Media companies seems to think the same as they have been rushing into the business for more than a year in the US, leveraging their two main assets, audience and brand authority, to create a solid revenue stream and a valuable additional service to their customers.
In Europe, the trend is growing at the moment, making it the perfect time to let you know more about these publishers from the old continent which decided to go for the daily deals war. Straight acquisitions, strategic partnerships with start-ups, or own projects, they all started to play, but more importantly, it is to know if they can represent the future of the industry.
They make an acquisition. They do it for the product, the community or the team; they let the team manage the business development and offer synergies to boost the audience and brand authority.
- Le Parisien Group, which is among the top French offline newspapers, acquired Clubdeal and now push their offers on their website and paper editions.
- Rossel Group, a major press groups in Belgium did the same and bough 64% of the daily deal start-up Groupolitan earlier this year, just after their launch in France. They leveraged their experience in the field by signing interesting revenue sharing partnerships with online publishers, such as the powerful French women-oriented network aufeminin.com (around 14M unique visitors per month).
- Archant Group ─ the UK’s largest independently-owned regional media business ─ bought Tickles in order to publish offers in their 58 weekly papers and more than 180 websites.
If you add that to Germany, where Axel Springer ─ one of the leading European publishers ─ spent $55M to buy nearly a 75% share of a mobile coupons service named Kaufda, one could easily understand to what extent media companies consider local advertizing as a strategic asset.
They sign strategic partnerships. Because it could be a relevant first step in order to assess the synergies and the potential win in the daily deals market. The best example is M6 ─ French third national television channel ─ which decided to do so last july signing a cross-media partnership with the $2M funded start-up Bon-privé; it resulted in a TV advertising campaign (see video), and an integration of Bon-privé deals in M6 network of websites (around 10M of unique visitors). If the terms of the transaction are not clear, the impact on sales is: they went up 236 per cent the week after the broadcasting.
They launch their own projects. It is clear that local publishers have a natural user base and authority, but most of them also have a team which is used to reaching small businesses to sell them ads. If they are able to leverage their sales force and shift to deals, why wouldn’t they be able to manage their own group buying websites ? Fact is, they are.
- In may, Prisa Group (the world’s leading Spanish and Portuguese-language media group, owner of El Pais) launched Planeo in Madrid and managed to rank among the top 5 spanish group buying in less than four months. They also launched in Portugal and are considering South America (Chile could be the gate of entry).
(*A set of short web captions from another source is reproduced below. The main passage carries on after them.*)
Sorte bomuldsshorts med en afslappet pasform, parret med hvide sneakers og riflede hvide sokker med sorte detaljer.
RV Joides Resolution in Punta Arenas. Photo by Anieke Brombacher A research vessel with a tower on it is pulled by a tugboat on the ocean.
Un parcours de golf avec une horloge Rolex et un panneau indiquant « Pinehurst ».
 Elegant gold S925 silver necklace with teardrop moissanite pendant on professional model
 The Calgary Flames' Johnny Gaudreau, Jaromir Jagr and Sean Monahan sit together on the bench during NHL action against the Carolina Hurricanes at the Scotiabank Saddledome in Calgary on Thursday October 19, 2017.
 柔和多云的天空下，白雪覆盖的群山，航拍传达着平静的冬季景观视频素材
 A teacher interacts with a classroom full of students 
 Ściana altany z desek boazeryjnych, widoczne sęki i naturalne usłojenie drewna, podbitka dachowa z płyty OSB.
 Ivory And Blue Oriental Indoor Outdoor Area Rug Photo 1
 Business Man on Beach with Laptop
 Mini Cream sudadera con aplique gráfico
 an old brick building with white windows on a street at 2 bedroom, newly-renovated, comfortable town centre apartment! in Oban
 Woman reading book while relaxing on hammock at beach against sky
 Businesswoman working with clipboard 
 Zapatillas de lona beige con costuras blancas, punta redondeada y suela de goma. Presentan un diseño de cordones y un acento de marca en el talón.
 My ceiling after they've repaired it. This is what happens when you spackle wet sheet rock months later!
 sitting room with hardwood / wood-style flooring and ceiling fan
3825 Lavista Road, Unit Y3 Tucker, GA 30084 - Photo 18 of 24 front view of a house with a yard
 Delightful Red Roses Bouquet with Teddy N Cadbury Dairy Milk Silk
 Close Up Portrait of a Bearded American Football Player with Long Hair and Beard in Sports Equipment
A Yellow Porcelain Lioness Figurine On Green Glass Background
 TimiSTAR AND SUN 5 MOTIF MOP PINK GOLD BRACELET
- In France, the leading local publisher Ouest-France Group ─ former owner of leboncoin.fr before the sale to Schibsted for $200M ─ decided to integrate their own daily deals within their cityguide Maville in four cities. Surprisingly though; no sign of daily deals on the other group websites (including http://www.ouest-france.fr/).
With an audience, strong brand trust, and generally with pre-existing bonds with local businesses, media companies are penetrating the group-buying industry in different ways, pointing out that it could be the new local advertising model that will help them monetise their natural base. But there is more to say:
1. The historic Groupon daily email conversion rate is dropping ─ showing the historic distribution channel is not the unique answer anymore;
2. Google is now announcing that they will feature their targeted offers across several of their different products (such as Adwords, Adsense, Google Places, etc.);
3. GroupCommerce ─ an exGoogler company making a daily deals platform for publishers ─ signed dozens of contrats and raised $18,5M after less than a year.
Is it a good enough reason to consider daily deals as the next ads generation?
If so, the war is just starting.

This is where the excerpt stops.